Irish Life and Permanent is considering the sale of the pensions and investments business, Irish Life, and its fund management business, Irish Life Investment Managers, to raise the potential capital bill facing the company after tomorrow's Central Bank stress tests.
This amounts to more than two thirds of the overall business of the company. The estimated capital shortfall is expected to be somewhere between €2 billion and €3 billion to meet mortgage losses under a worst-case scenario and the cost of reducing the size of the bank. The company's banking unit, Permanent TSB, has the worst funding of the six Irish lenders with loans far outstripping deposits.
The sale of Irish Life and Irish Life Investment Managers, both profitable businesses and the biggest players in their respective markets in Ireland, would have to take place before a decision is made on the amount of capital that must be injected by the Government and the determination of the size of the stake taken by the State.
The scale of the capital required is likely to push the company into majority Government control with the State taking a share of more than 50 per cent.
Allied Irish Banks and Bank of Ireland both were required to dispose of businesses and assets over the past year as part of the recapitalisation of both institutions. Irish Life and Permanent would have to do the same before Government decides how much capital would be required for the business.

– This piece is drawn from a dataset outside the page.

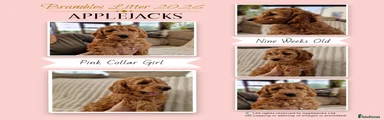 Goldendoodle Puppy 2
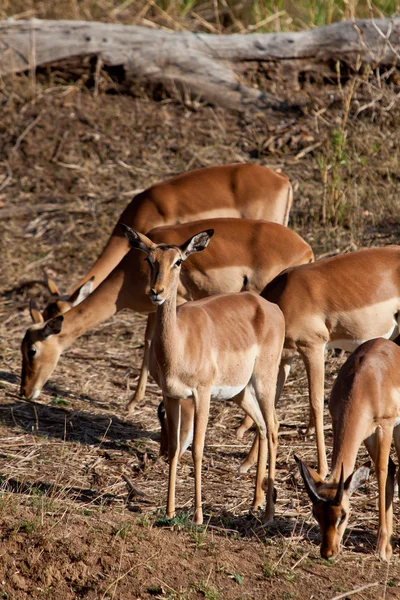 Grants gazelles in Africa — Stock Photo, Image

Trading in the bank's shares has been put on hold in Dublin and London until Friday. The bank, the nation's only government-guaranteed lender to avoid a bailout so far, shed 45 per cent of its share price yesterday after reports the stress test results would push it into Government ownership.
In a statement this morning, the lender said it "notes the recent media comment" on its expected capital requirement after the stress tests.
The tests "are not completed and the quantum of capital that may be required by the group, and the source of that capital, is not yet finalised".
Minister for Enterprise, Jobs and Innovation Richard Bruton said this round of stress tests have to be so tough and fair that they remove any doubts of the state of the country's beleaguered banking sector.
"We need finally an honest assessment, one that is based on best international practices," he told German newspaper Handelsblatt. "Afterwards there can be no feeling that people are looking at Irish banks through rose-tinted glasses ... Our ambition is to clean the table and we will do that."
Shares in AIB closed the session 2.6 per cent higher, at 18.9 cent. Bank of Ireland fell almost 11 per cent to 22 cent.
The company is expected to need between €2 billion and €3 billion in capital to cover higher mortgage losses at its bank, Permanent TSB, and the cost of selling excess assets to reduce its size over the next three years.
Permanent TSB today moved to reassure deposit holders and mortgage account customers that there would be no changes to their position.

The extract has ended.